* [REQUIREMENT] Within the listing that follows, reproduce exactly the lines starting at the line with "زیر لیوانی استیل دار" and ending at the line with "Maison 6 pièces de 188 m² à Pineuilh (33220)", inclusive, and only those. Pictures are dropped.

* [RECORD SET]
+-------+

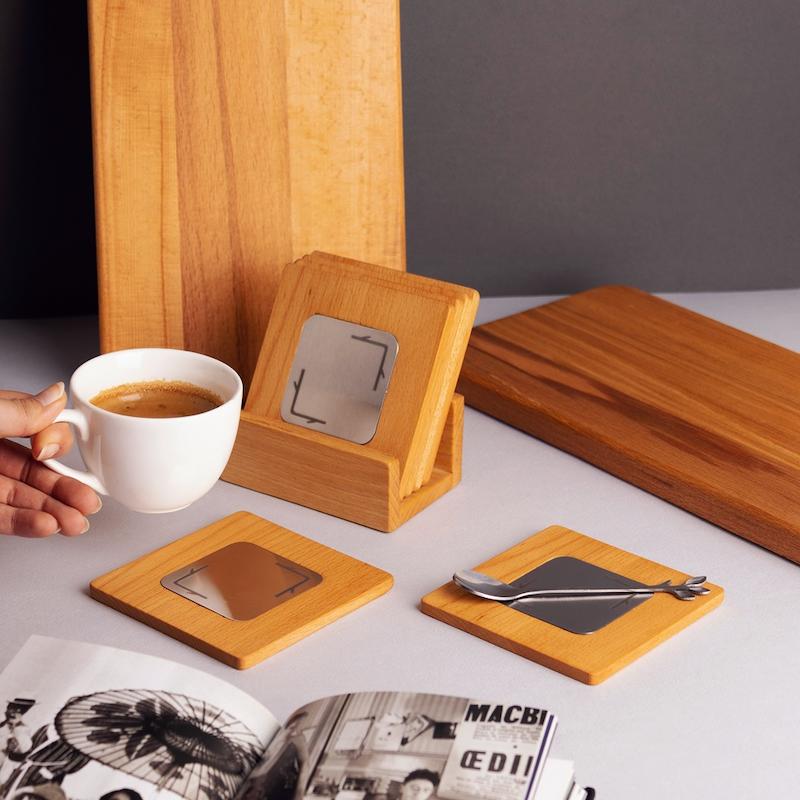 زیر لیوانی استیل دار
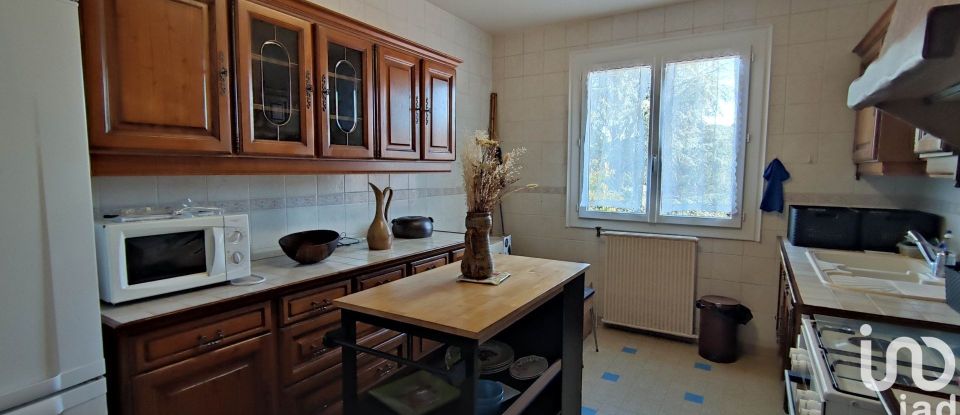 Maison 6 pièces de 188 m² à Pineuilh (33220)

+-------+

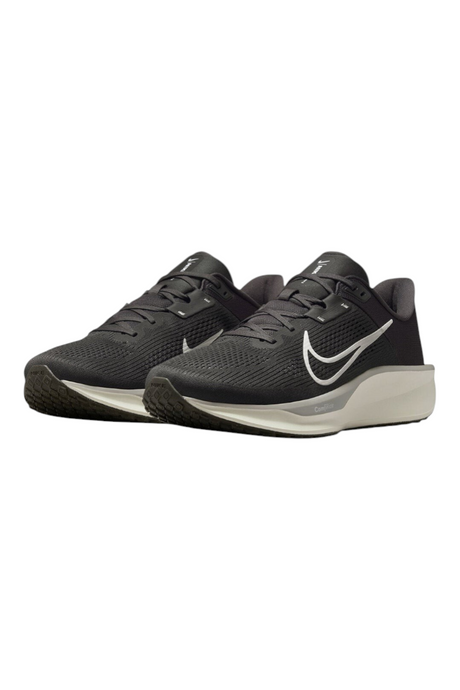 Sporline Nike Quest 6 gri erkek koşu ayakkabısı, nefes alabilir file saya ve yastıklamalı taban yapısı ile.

+-------+

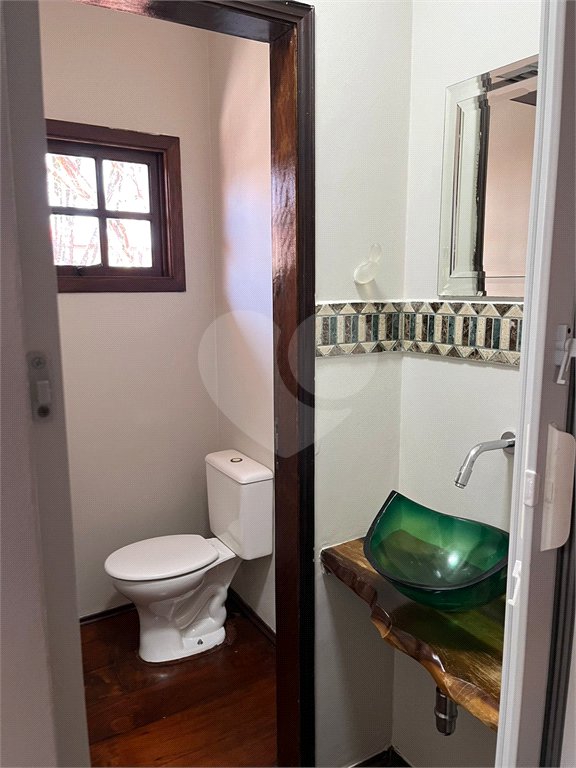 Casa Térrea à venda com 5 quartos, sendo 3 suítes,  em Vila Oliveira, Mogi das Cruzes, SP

+-------+

* [SOLUTION TO THIS TASK]
 زیر لیوانی استیل دار
 Maison 6 pièces de 188 m² à Pineuilh (33220)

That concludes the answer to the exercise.